I love this movie so, so much.

The Comedy of Errors (1983)

It wasn't too bad, I guess. I didn't like it. But I've thought a lot these past couple weeks about Comedy of Errors and how I should think it should be staged. And Under an Hour is my primary decision.

But were I to put it on, I would prefer to turn it into a twenty-minute animated short. Sort of in this style. Adriana is a blubbering mess, always wailing and moping and making eyes at a framed image of her husband she carries around. The Ephesian Antipholus is hyperviolent while the Syracusian's violence is minimized.

I have other ideas. No one cares.

The Ballad of Buster Scruggs (2018)

I absolutely love this movie.

Which probably means it will go down as a lesser Coens film as my opinions don't usually coincide with the orthodoxy.

But I stand by my claim.

North Avenue Irregulars (1979)

This was one of my childhood-favorite slapstick live-action 1970s Disney comedies. I probably have not seen it since the previous century and I've been a tad nervous to see how it holds up. After all, some others have not (Gus, The Apple Dumpling Gang Rides Again...).

The good news is, it's still a fun watch. That helps when you have a cast like Barbara Harris, Cloris Leachman, and Edward Herrmann. They make the places where the writing is lazy slide by fairly easily.

That said, the writing is hella lazy. Lady Steed and I spent a chunk of our six-hour drive two days later discussing how the film could be updated. The concept has potential and this is the sort of film Disney should be revisiting instead of @#$%$#ing Lion King....

Spider-Man (2002)

I probably haven't seen this since the first time, in my father-in-law's mancave.

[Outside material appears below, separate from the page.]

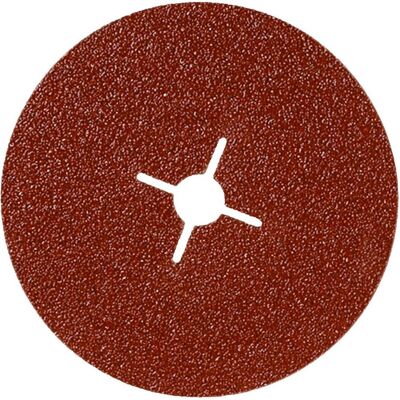 Symantec Norton Clipper, Schleifmittel, Fiberscheibe F100 125 mm P36 Symantec Norton Clipper, Schleifmittel, Fiberscheibe F100 125 mm P36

It holds up pretty well. It's an easy argument to make, that the superhero renaissance began with this film. And I sort of remember it being a soft open to #2's excellence, but watching them back-to-back, it's hard to argue that one is better than the other.

Let's skip ahead to that one, shall we?

Spider-Man 2 (2004)

The effects in this film hold up better than those in #1, but for films well on their way to twenty-years-old, they hold up fine. It's also nice to watch them together because the real story here is that of Peter and MJ and it takes two films for them to have a satisfying arc.

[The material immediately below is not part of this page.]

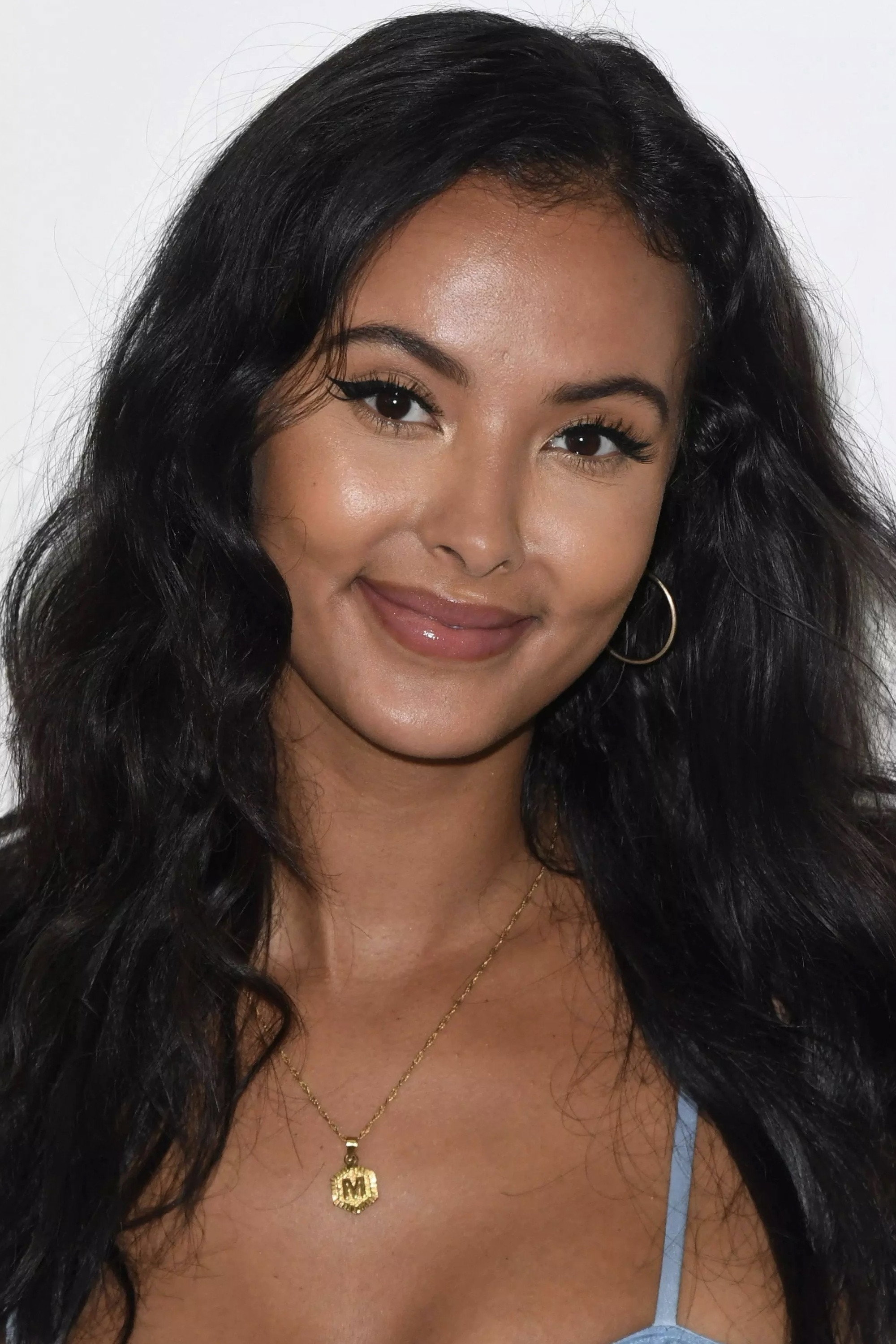 Maya Jama's poster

This film too I have not seen but the once, this time in-theater, just before we moved back to California. It blew me away and, in my mind, has always been one of the greatest superhero films. On rewatching I still consider it quite a good superhero film, but there's so much more competition now, it's a harder claim to justify. Largely because what a superhero film can be has grown so much. It's happy, in other words, that I'm not sure I still find my old opinion justifiable.

One thing about watching these films? How young everyone looks. Time, it seems, has indeed passed.

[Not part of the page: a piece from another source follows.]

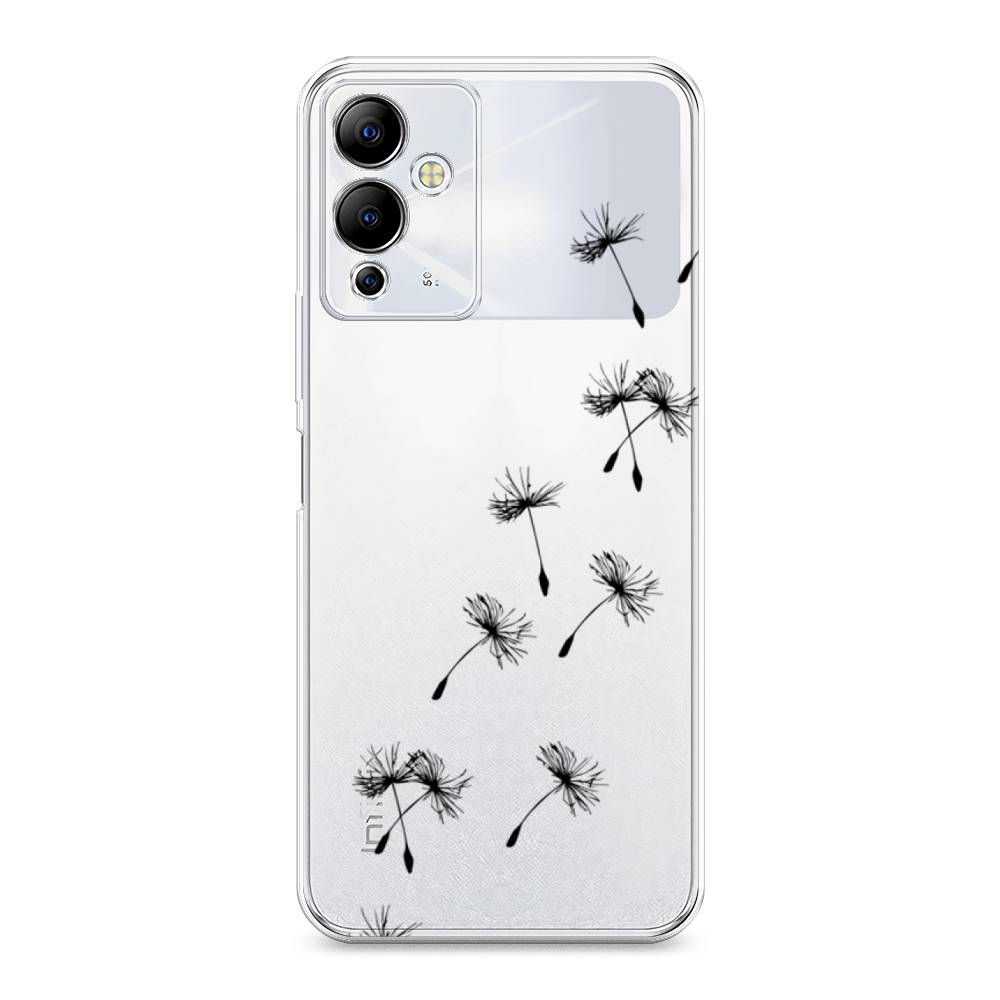 

Чехол Awog на Infinix Note 12i "Летящие одуванчики", 3102050-8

One last comment, this about Kirsten Dunst (who, it would seem, has aged the least, which may be more a comment on Hollywood's expectations upon women than anything else). Isn't she great? And I'm not saying that because her nipples get cameos in both films. She manages to be a damsel in distress while remaining strong. She gets her Fay Wray on while seeming fully modern. And Sam Raimi's horror bits throughout the films are never better served than when Kirsten Dunst gets to play the scream queen.

Weirdly though, seeing her here most makes me want to finally watch Melancholia, just to catch some more of her range.

It's a Wonderful Life (1946)

It's been far too long since I've revisited this film. My kids had never seen it. Now they have. And a thousand parodies now make sense to them. And they thought it was a good movie.

But only their parents wept throughout and sobbed at the end.

This is a movie you admire and are moved by as a child. But it's something else entire when you grow up to be some mix of George and Mary yourself.

This should be the movie we watch every year. It has so much to give.

The Hudsucker Proxy (1994)

This is the greatest of all (known) New Year's Eve films and if you watched something else, you must justify yourself to me. It's perfect.

I cannnot understand anyone who declares this lesser Coen. Have you even seen this movie since 1994?

Come over any December 31st and share in the joys!